About this task >> The required output is the run of lines from the one holding "Girl's Light Pink" through the final line of the listing, restated word for word, with no pictures.

Collected material >>
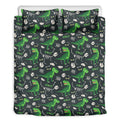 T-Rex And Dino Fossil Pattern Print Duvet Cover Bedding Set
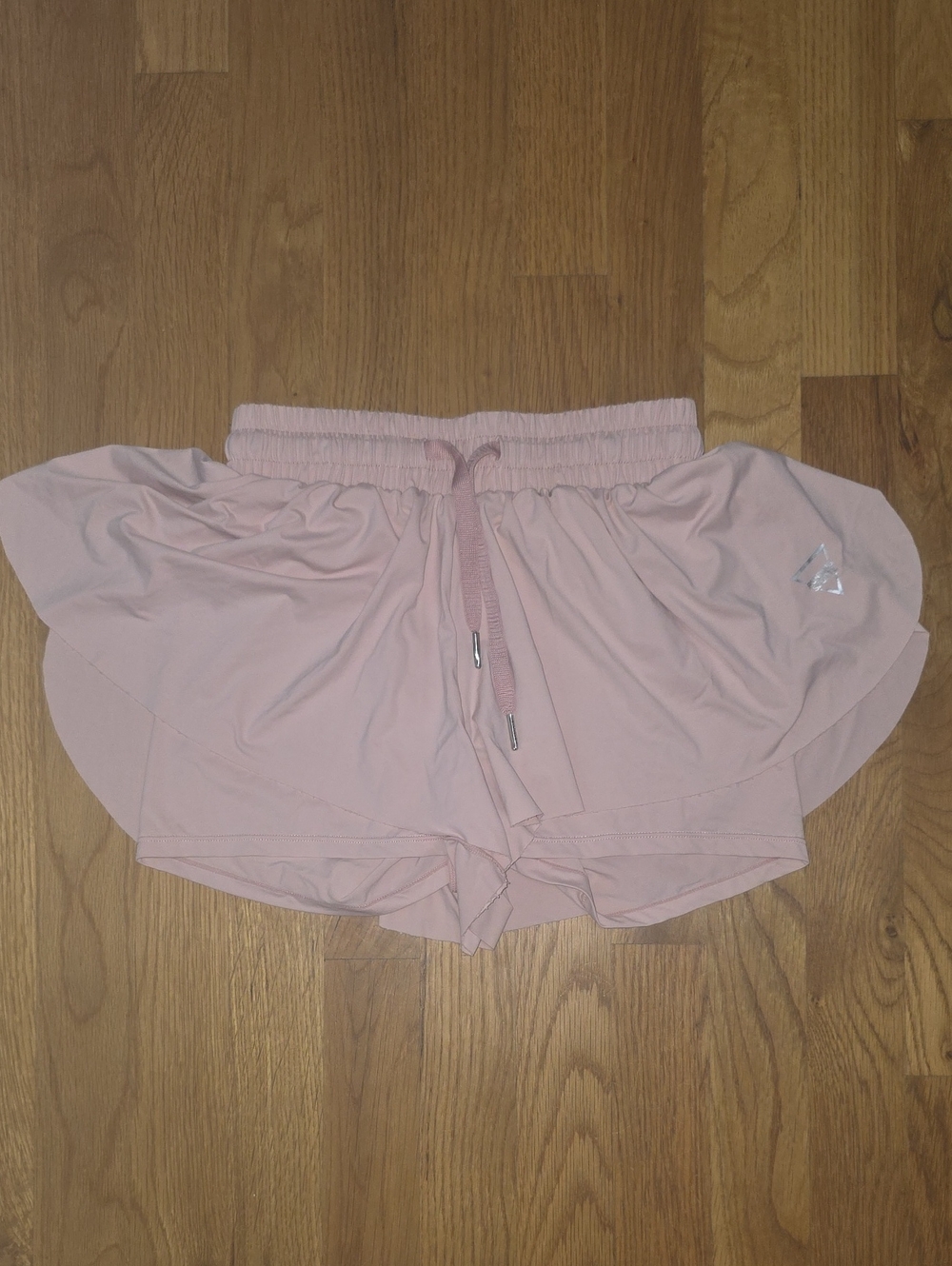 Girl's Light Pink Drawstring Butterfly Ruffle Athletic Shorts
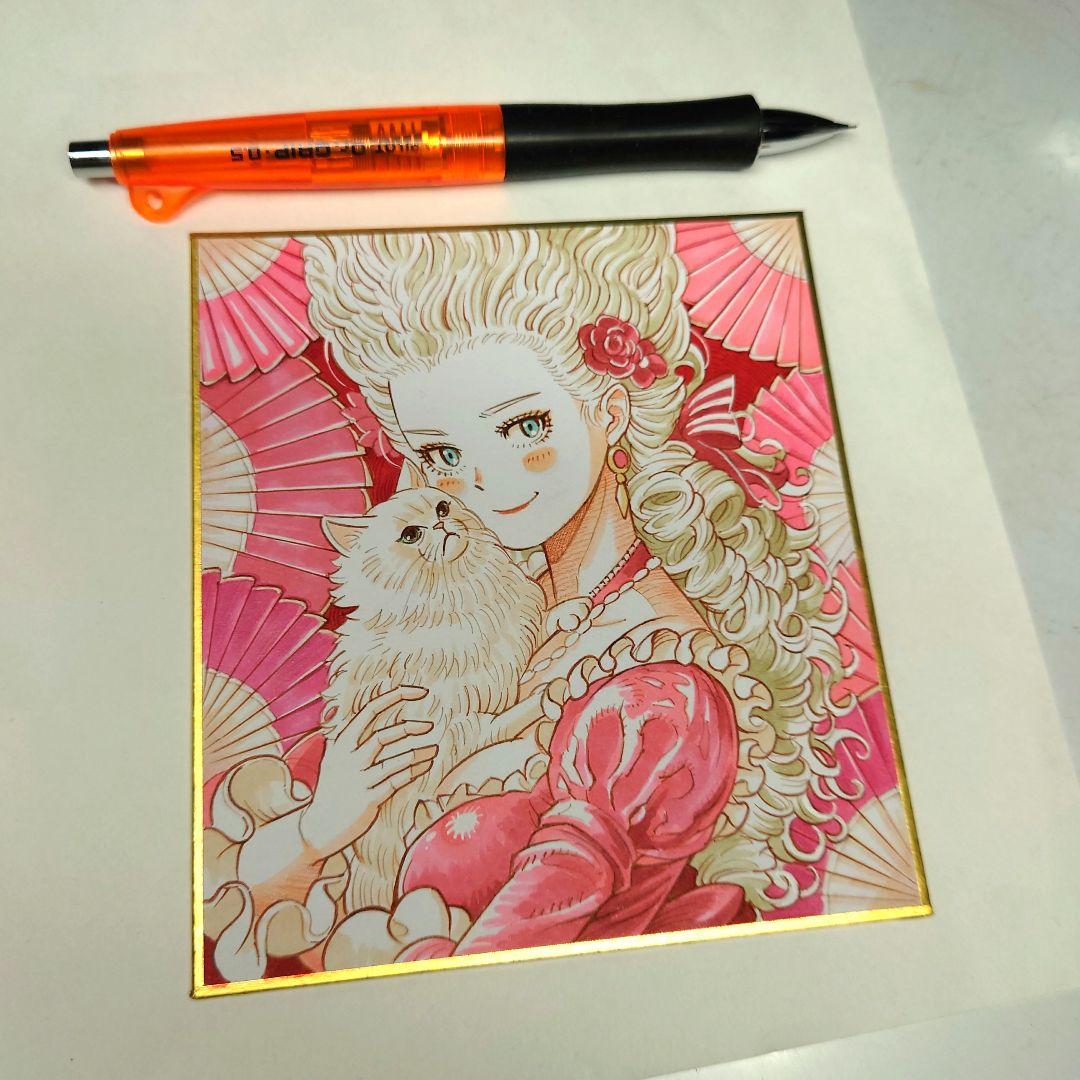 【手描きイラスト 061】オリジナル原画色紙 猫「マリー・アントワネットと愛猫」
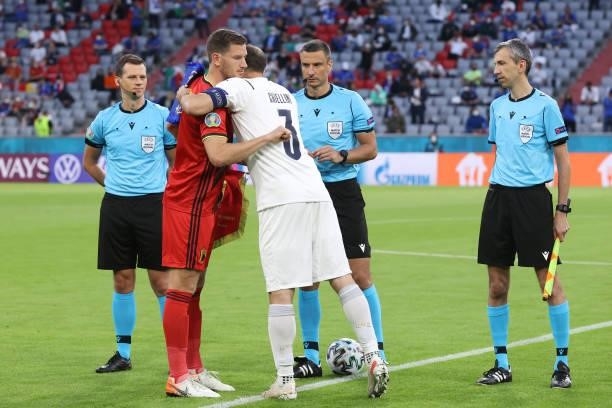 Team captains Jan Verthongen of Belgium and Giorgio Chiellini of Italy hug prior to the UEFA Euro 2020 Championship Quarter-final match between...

Result below >>
 Girl's Light Pink Drawstring Butterfly Ruffle Athletic Shorts
 【手描きイラスト 061】オリジナル原画色紙 猫「マリー・アントワネットと愛猫」
 Team captains Jan Verthongen of Belgium and Giorgio Chiellini of Italy hug prior to the UEFA Euro 2020 Championship Quarter-final match between...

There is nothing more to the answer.